Le bien-être à la lumière du fard

Apparence et estime de soi... Les deux vont de pair, nous instruit l'Observatoire des Bien-Être(s) d'Ipsos. De quoi nourrir les réflexions de Germaine Gazano, la responsable Market & Consumer Intelligence de LVMH Parfums et Cosmétiques. « Le maquillage, n'est-ce pas justement ce qui module l’apparence ? »

Quels sont les facteurs clés du bien-être pour une activité comme le maquillage ?

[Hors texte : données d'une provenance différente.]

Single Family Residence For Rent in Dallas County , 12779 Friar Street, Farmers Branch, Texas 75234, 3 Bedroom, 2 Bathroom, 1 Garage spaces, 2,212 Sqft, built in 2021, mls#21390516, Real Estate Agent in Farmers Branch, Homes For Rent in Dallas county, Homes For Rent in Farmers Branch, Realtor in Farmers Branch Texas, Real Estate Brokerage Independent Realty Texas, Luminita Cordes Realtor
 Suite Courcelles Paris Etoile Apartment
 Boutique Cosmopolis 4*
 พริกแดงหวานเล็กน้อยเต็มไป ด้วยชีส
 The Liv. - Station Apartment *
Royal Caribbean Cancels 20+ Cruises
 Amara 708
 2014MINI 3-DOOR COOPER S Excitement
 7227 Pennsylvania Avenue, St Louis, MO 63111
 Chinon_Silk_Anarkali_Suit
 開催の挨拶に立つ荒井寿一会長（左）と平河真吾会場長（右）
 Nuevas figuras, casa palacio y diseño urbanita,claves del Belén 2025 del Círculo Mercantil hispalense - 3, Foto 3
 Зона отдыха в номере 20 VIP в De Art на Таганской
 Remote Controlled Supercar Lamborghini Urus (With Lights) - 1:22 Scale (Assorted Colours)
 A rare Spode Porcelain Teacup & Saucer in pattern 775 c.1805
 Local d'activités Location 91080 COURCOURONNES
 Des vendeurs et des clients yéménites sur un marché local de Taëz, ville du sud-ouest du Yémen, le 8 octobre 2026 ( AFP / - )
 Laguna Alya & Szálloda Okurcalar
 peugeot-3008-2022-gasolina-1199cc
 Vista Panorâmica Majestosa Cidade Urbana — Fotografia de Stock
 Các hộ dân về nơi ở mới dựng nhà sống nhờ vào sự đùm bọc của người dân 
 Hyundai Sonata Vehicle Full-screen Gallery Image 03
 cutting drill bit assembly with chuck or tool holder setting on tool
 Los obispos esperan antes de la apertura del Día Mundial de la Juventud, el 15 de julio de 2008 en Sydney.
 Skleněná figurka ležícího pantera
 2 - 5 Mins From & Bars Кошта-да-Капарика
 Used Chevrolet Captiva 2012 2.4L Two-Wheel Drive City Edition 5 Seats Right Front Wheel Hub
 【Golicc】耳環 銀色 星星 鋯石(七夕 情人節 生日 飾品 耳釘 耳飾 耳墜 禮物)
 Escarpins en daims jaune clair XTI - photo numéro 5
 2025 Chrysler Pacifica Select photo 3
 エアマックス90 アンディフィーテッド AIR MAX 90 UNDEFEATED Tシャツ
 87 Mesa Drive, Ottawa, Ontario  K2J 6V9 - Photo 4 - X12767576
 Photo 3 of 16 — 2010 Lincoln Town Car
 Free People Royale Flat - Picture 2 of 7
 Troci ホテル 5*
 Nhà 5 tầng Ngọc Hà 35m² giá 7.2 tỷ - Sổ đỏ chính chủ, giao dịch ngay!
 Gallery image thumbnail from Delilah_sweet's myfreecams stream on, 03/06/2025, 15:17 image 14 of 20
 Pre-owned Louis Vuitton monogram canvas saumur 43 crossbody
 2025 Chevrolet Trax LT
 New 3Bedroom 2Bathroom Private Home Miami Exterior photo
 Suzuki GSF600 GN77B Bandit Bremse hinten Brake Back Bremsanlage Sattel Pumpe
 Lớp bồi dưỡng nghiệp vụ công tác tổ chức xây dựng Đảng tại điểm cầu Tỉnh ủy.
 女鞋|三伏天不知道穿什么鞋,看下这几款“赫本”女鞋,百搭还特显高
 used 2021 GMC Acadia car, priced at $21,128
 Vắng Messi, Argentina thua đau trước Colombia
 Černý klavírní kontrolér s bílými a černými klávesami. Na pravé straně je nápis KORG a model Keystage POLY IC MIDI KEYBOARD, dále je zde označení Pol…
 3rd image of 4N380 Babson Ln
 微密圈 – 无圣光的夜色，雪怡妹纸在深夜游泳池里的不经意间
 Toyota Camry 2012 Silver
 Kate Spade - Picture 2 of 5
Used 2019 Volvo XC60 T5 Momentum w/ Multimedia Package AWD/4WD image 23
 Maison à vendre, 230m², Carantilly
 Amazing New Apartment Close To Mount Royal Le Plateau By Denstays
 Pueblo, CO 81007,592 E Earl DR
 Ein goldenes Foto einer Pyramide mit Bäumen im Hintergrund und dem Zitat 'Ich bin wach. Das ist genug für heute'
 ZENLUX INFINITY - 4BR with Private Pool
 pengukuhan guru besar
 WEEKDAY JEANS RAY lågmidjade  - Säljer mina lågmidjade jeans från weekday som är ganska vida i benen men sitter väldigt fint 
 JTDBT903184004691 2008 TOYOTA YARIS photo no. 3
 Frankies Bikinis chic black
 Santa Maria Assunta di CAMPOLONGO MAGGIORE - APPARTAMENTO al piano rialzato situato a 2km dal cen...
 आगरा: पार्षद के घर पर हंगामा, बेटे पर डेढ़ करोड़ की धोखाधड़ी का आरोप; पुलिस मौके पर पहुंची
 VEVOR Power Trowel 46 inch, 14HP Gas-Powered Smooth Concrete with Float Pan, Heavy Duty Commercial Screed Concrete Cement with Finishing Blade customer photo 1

L’importance de l’apparence et l’implication dans la séduction ont toujours été pris en compte. Comme le suggérait Ovide, il y a 2000 ans, à travers son traité sur « l’Art d’aimer », rien n'est moins anodin ou futile. Il faut voir que l'attrait pour les cosmétiques ne s'est jamais démenti, y compris dans les pires heures de l'histoire. C'est le fameux "lipstik effect", ce mécanisme de compensation bien connu. On sait aussi, à travers notamment l'action du CEW (1), qu'en amenant des femmes sous chimiothérapie à prendre soin d'elles-mêmes et à se regarder, on augmente leurs chances de guérison.

Se maquiller, c'est donc aller mieux ?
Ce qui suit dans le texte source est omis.